Even from the graph above, it’s easy to see that the Big Six, or the nations of Canada, United States, Sweden, Finland, Czech Republic, and Russia are still the most represented countries in the NHL. The drop off from the Czech Republic, the Big Six country with the fewest players in the NHL, to the next country is significant.
The average team has 0.4 players players from outside Big Six countries or just around 2% of their standard 23-man roster. This is significantly lower than the start of the season where the average was 1.3 players and 5%. The Arizona Coyotes and Columbus Blue Jackets lead the league with two players from non-Big Six countries, with 10 other teams behind them with one players. At the beginning of the season, the New Jersey Devils has six players from outside the Big Six.
Broken down even further, most of the Big Six players hail from North America. Canada and the United States make up the majority of players in the NHL (70%), but even within the Big Six, North Americans account for 74% of players. This is on par with last year.
Once again, most teams are composed primarily by North American players, though the separation between North America and the rest of the world is not nearly as large as it was for the Big Six. On average, each team has 7.8 players from outside North America, or 30% of their roster. The Blue Jackets have the most non-North Americans on their roster with 14, closely followed by the Florida Panthers and Washington Capitals with 13. The Los Angeles Kings, Devils, and Toronto Maple Leafs are the other teams in double digits, all with 10 players from outside North America.

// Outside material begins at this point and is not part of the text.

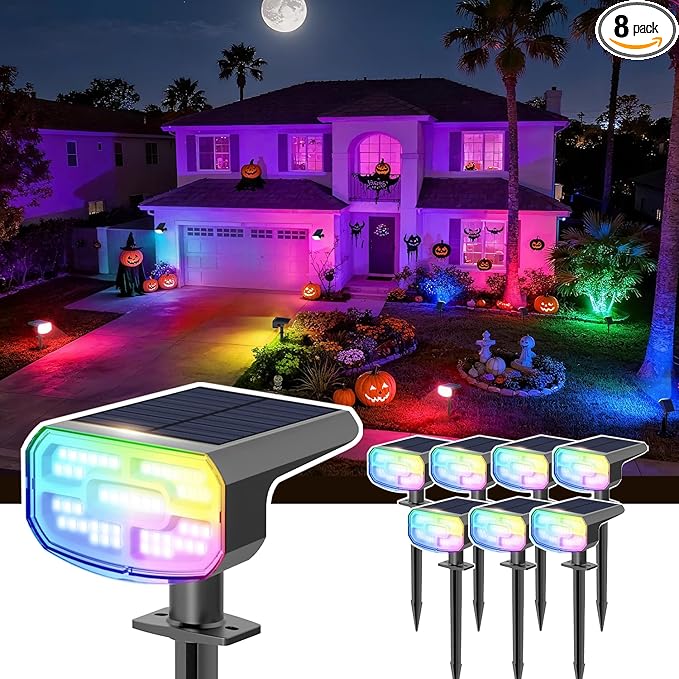 Color Changing Solar Spot Lights Outdoor Waterproof IP65,9 Lighting Modes Multicolor RGB Halloween Spotlight for Porches Yard Gardens Landscape Deconrations-8 Pack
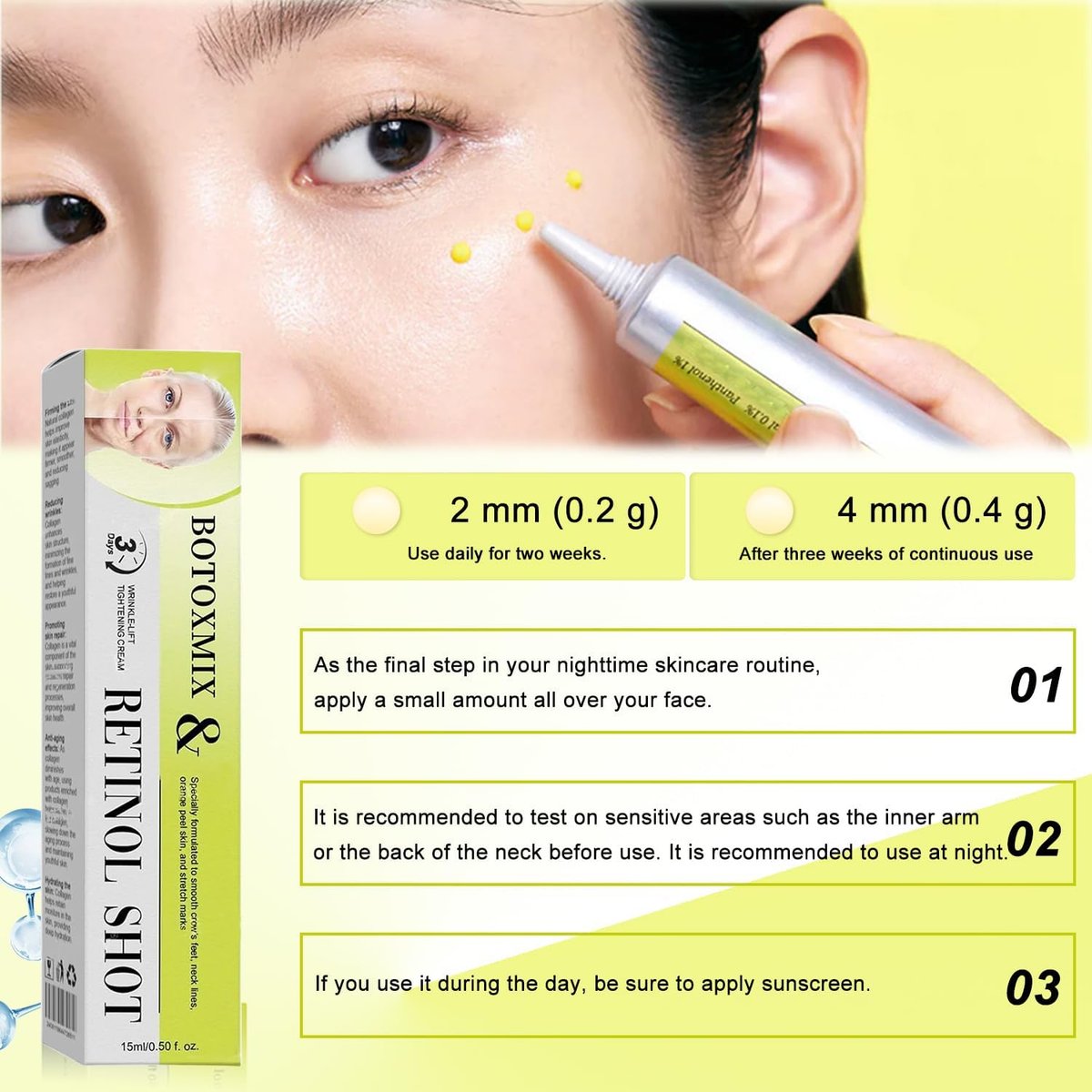 Botoxmix & Vita-A Retinol Shot Tightening Booster 2-Pack | Anti-Aging Wrinkle Cream with Retinoid for All Skin Types Avelisse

The Montreal Canadiens, Philadelphia Flyers, and Winnipeg Jets have the lowest non-North American representation with just three players each. The Edmonton Oilers and New York Islanders follow closely with just two players not from North America.
Looking at the rosters of each team in the NHL shows an interesting rainbow of nationalities spread throughout the league.
By birth country, a few more countries are added to the chart.
The teams that have the most players hailing from each country are as follows:
|United States of America||12||ANA, BOS, BUF|
|Czechia||3||ANA, ARI, BOS, DET, TOR|
|Denmark||1||CAR, CBJ, VGK, WSH, WPG|
|Latvia||1||BUF, CBJ, PIT, SJS|
|France||1||ARI, CGJ, TBL|
For North American players, the Golden Knights lead the league with 20 Canadians and the Coyotes, Bruins, and Sabres lead with 12 Americans. The Kings have the most Swedish players with seven; the Stars Panthers have the most Finns with five; the Capitals and Blues have the most Russians with four; and the Ducks, Coyotes, Bruins, Red Wings, and Maple Leafs have the most Czechs with three.
The Columbus Blue Jackets are this season’s most diverse team, featuring players from 10 different countries. Conversely, there are 12 teams tied for the least diverse with five countries represented on their roster.
This season, of the 17 countries represented, five have just a single player in the league. These countries are Australia (Nathan Walker), Austria (Michael Raffl), Slovenia (Anze Kopitar), Netherlands (Daniel Sprong), and Norway (Mats Zuccarello).
In terms of birth country though, Bulgaria (Alexandar Georgiev), Great Britain (Nathan Walker), and Uzbekistan (Arthur Kaliyev) join the list.
Hockey might still be dominated by the Big Six, but the winds of change are blowing. Several new nations are joining the fold and becoming fixtures in the hockey landscape. Their surge up the international charts—and the draft board—signals a new era of ice hockey, where victory for the Canadians is no longer guaranteed. We didn’t get to see a men’s Olympic ice hockey tournament this year, but hopefully the new World Cup of Hockey, that is said to feature only national teams unlike the last edition that had Team North American and Team Europe, will be the best-on-best tournament we’ve all been waiting for.